Près d’un mois après le coup d’Etat du 25 octobre 2021, le général Al-Burhane et Abdallah Hamdock ont signé un accord le 21 novembre 2021 qui a permis à ce dernier de retrouver son poste de premier ministre. Cet accord pourtant salué par l’ONU et l’Union Africaine est fortement contesté par les manifestants dont le dynamisme et la détermination demeurent intactes…
Un accord pour rectifier la transition
Pour justifier leur coup d’Etat du 25 octobre dernier, la junte militaire au pouvoir depuis la chute d’Omar El-Béchir en 2019 avait évoqué l’incapacité du premier ministre et son gouvernement à effectuer les réformes politiques et institutionnelles promises au début de la transition, le marasme économique qui a fortement impacté le pouvoir d’achat des soudanais et la méfiance grandissante entre les composantes civiles et militaires des organes de la transition. Elle avait alors promis de nommer un autre premier ministre en vue de former un gouvernement de technocrates qui, selon le général Abdel Fattah Al-Burhane, serait chargé de « corriger le cours de la transition ».
Cependant, face à la pression des manifestants et de la communauté internationale, les militaires ont dû renoncer à la nomination d’un nouveau premier ministre. Ils ont ainsi préféré rétablir Abdallah hamdock dans ses fonctions à la faveur de l’accord signé avec celui-ci le 21 novembre dernier lors d’une cérémonie retransmise en direct à la télévision nationale. Pour Abdallah Hamdock, lui qui était sous résidence surveillée depuis son arrestation le 25 octobre dernier, il urge de « mettre un terme à l’effusion de sang ». « Je sais que notre peuple est capable de sacrifices, cependant chaque goutte de sang est précieuse.
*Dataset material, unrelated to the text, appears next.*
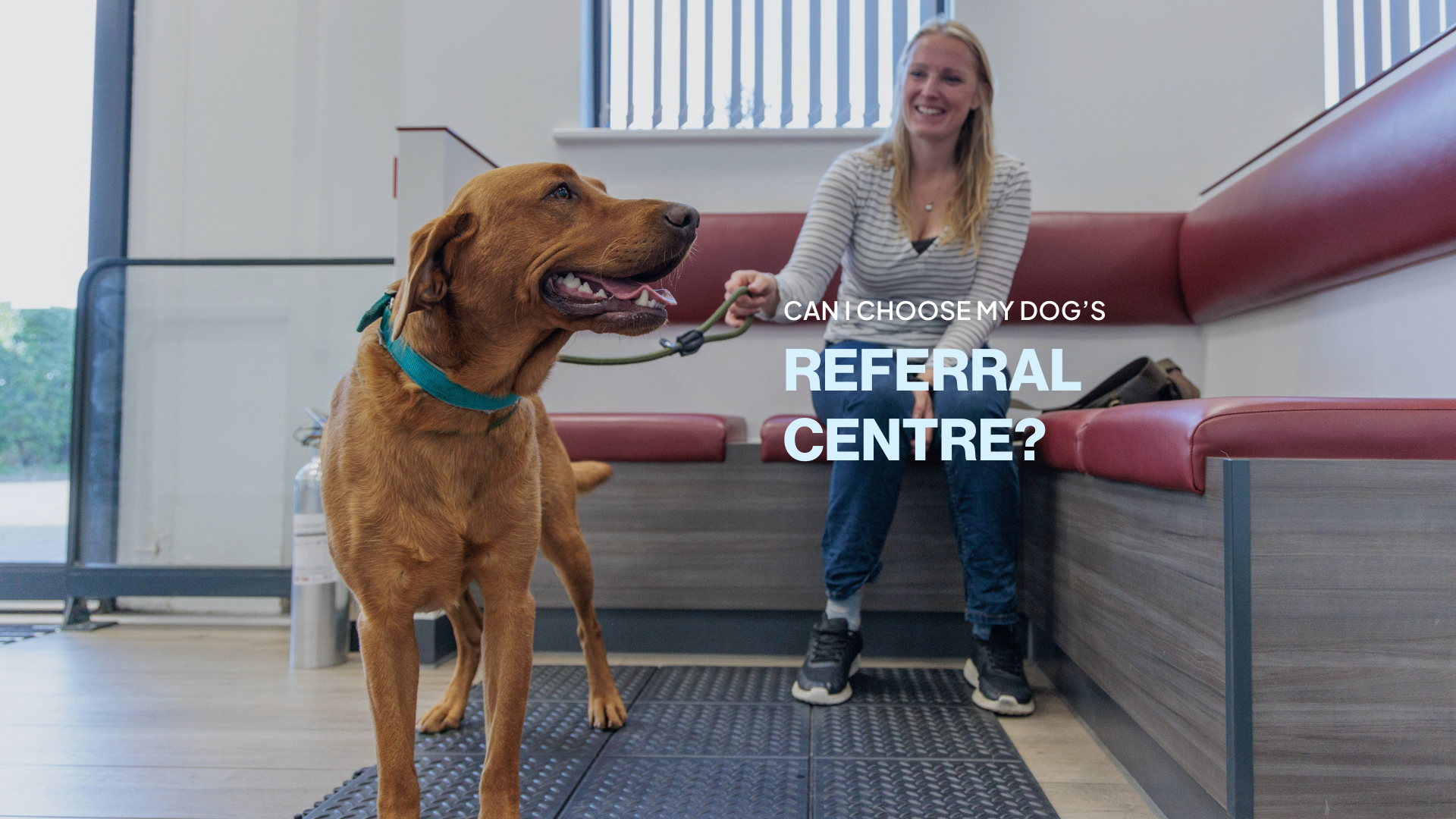 dog and client waiting at vets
Mettons fin au bain de sang. » a-t-il affirmé.
« Un signe encourageant »
Au cours d’un point de presse à New York, Antonio Guterres, le secrétaire général de l’ONU et Moussa Faki Mahamat, le président de la commission de l’union africaine ont invité les composantes militaires et civiles de la transition au compromis. Ils ont par ailleurs invité les partis politiques à appuyer le premier ministre Abdallah Hamdock. Antonio Gutteres a tenu à lancer « un appel à la contention et au bon sens » à l’endroit des manifestants qui continuent de réclamer le départ des militaires du pouvoir. Pour lui, « appuyer le premier ministre Abdallah Hamdock dans les prochains pas pour que soit possible une transition pacifique vers une véritable démocratie au Soudan » est plus qu’une nécessité. Au même moment, Moussa Faki Mahamat a quant à lui estimé que « la réhabilitation du premier ministre est un signe encourageant ». Pour lui, la levée de son assignation à résidence constitue « un momentum qu’il ne faut pas perdre malgré les dérapages. ». Si ces derniers estiment que cet accord est le seul moyen de sauver la transition en cours au Soudan, les manifestants ne l’entendent pas de cette oreille. Pour preuve, depuis la signature dudit accord, les manifestations se sont intensifiées au cours des derniers jours. Lors de la dernière en date du 30 novembre dernier, les partis politiques, l’organisation des familles des martyrs de la révolution et des organisations de la société civile ont dénoncé cet accord. Pour Omar el-Digair, le chef du parti du congrès soudanais, en signant cet accord, Abdallah Hamdock « est descendu des épaules du peuple qui le portait pour monter dans un char de l’armée ».
Le pari risqué d’Abdallah Hamdock ! Même si Abdallah Hamdock affirme avoir « signé cet accord dans le but d’éviter au pays, déjà au bord du gouffre, de sombrer dans le chaos comme d’autres pays de la région », l’intensification des manifestations au cours des derniers jours et la démission de douze ministres de son cabinet à l’instar de celui des affaires étrangères, de la justice, de l’éducation, de l’agriculture et de l’énergie dans le sillage de la signature dudit accord l’ont considérablement affaibli sur le plan politique dans la mesure où, il y a peu de chance que les militaires acceptent de retourner dans leurs casernes et de livrer les auteurs des répressions qui ont causé la mort des 42 manifestants comme l’exigent les manifestants. Pour l’heure, il reste à savoir comment Abdallah Hamdock va s’y prendre pour calmer les manifestants déterminés à contraindre les militaires à quitter le pouvoir car, comme le disait une manifestante : « la question n’est pas de savoir si cette manifestation est un test pour eux ou non… La rue a une demande claire et personne ne pourra nous en dévier, les militaires doivent retourner dans leurs casernes. ».